On the Sunday after the students arrived, the whole campus took a day trip to Melk Abbey. This was our first excursion and excitement was in the air.  The buses were so comfortable and we felt as if we were traveling in luxury...until we got to the winding road that climbed up the mountain just before our arrival.  More than a few children on board got motion sickness but quickly recovered once we departed from the buses.





Are we there yet?
Melk Abbey is a Benedictine Abbey located above the town of Melk, Lower Austria.  It is positioned on a high mountain that overlooks the Danube river that happens to connect the Wachau Valley.  According to Wikipedia, Melk Abbey contains the tomb of Saint Coloman of Stockerau and the remains of several members of the House of Babenberg described as Austria's first ruling dynasty.

Upon our arrival, we were ushered into the restaurant where our entire group was served a delicious warm yummy buffet style breakfast.  I was too busy eating to take pictures other than this one of Fr. Seraphim interacting with some of the children.  One of the families who is here from Steubenville with us has five boys seven (or six?) and under so for this first excursion, our family rode on the same bus as them.
After breakfast, we were able to take in some incredible views of the Danube River and Wachau Valley from the balcony at the rear of the restaurant.  It was on this balcony that I connected with a friend of the lovely student who stayed with us this past fall! She remembered us and offered to help us with Charlotte this semester.  She just happened to have availability during the two mornings Adam and I are in class together, too.  Praise God!  It was such a huge relief knowing we had a helper lined up as classes would be starting by the end of the following week and this had been one of my biggest concerns!


It's a beautiful thing to see members of the religious interacting with the families and children here.  Charlotte gets so excited when she sees her friends during mass or out and about on campus.  

Here is some history from Wikipedia:

The abbey was founded in 1089 when Leopold II, Margrave of Austria gave one of his castles to Benedictine monks from Lambach Abbey.

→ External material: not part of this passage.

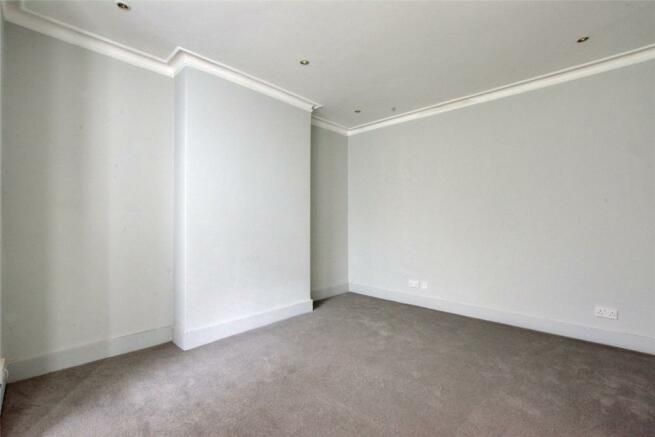 Property photo 3 of 10 3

A monastic school, the Stiftsgymnasium Melk, was founded in the twelfth century, and the monastic library soon became renowned for its extensive manuscript collection. --- It was in this esteemed library that Charlotte came running over to us after one of the college students had been holding her.  As she came running over, a wet spot appeared on her brown pants...and got bigger and bigger as she approached us...!  She had leaked through her Pull Up as she ran across the carpet in this library full of history!  Oh no!  I immediately scooped her up and held her in mid-air as Adam and I looked at each other with horror on our faces.  What do you do?!  There was no public restroom in this old room.  The tour guide was about to take our group on to the next part of the tour.  It was too cold to change her outside...so we did the only thing we could do.  We changed her in the stroller while trying to keep the leaking wet pants off the carpet.  Thankfully, the diaper was only wet as Adam and I tag teamed to get the dirty diaper replaced with a clean dry one.  Charlotte found the whole exchange quite amusing and was soon bounding her way back to her college friends as we navigated our way to the next part of the tour with everything hastily tossed into the bottom part of the stroller...whew!  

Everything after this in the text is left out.